→ Data:
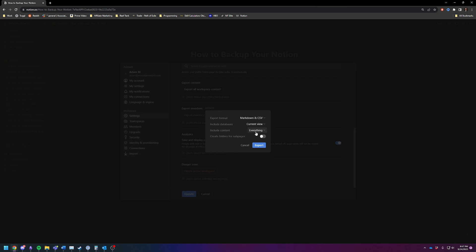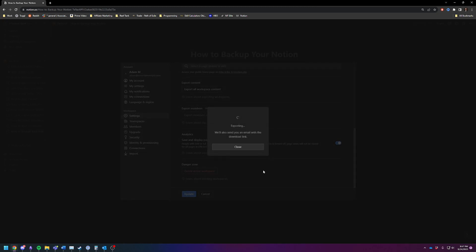Make sure you select everything and then you can do folders for subpages if you want to and then just hit Export. You will get an email link with your download and you'll just hit Download and you will have it in Markdown and in CSV format.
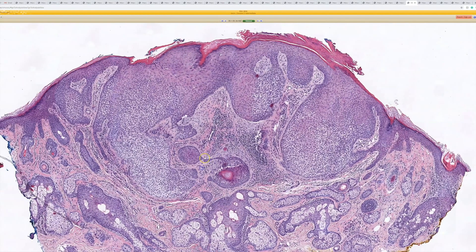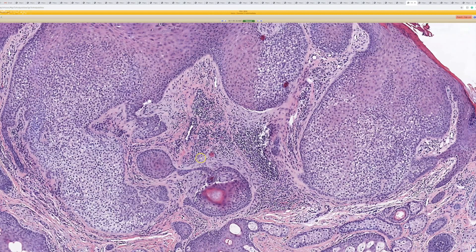In the middle, they can get kind of busy and stringy and have little cords and strands that look infiltrative. When you have a lot of that, you can call it a desmoplastic tricholomoma, which is a totally benign lesion.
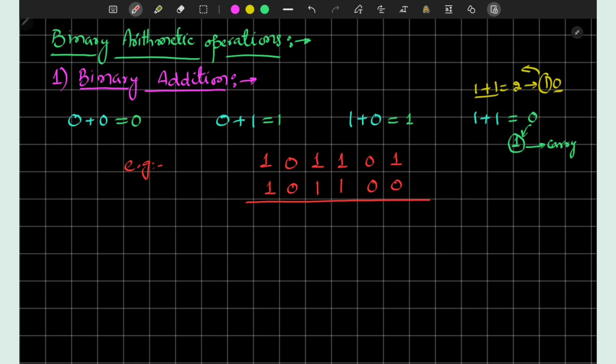Let us consider the addition of two binary numbers. We start from the LSB: addition of 1 and 0 equals 1, addition of 0 and 0 equals 0, and addition of 1 and 1 equals 0 with 1 carried forward to the next binary digit for addition.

→ Assignment: Write out exactly the lines of the material above, starting with the first and finishing with the line that contains "In the middle, they", without pictures.

→ Written answer:
Make sure you select everything and then you can do folders for subpages if you want to and then just hit Export. You will get an email link with your download and you'll just hit Download and you will have it in Markdown and in CSV format.
In the middle, they can get kind of busy and stringy and have little cords and strands that look infiltrative. When you have a lot of that, you can call it a desmoplastic tricholomoma, which is a totally benign lesion.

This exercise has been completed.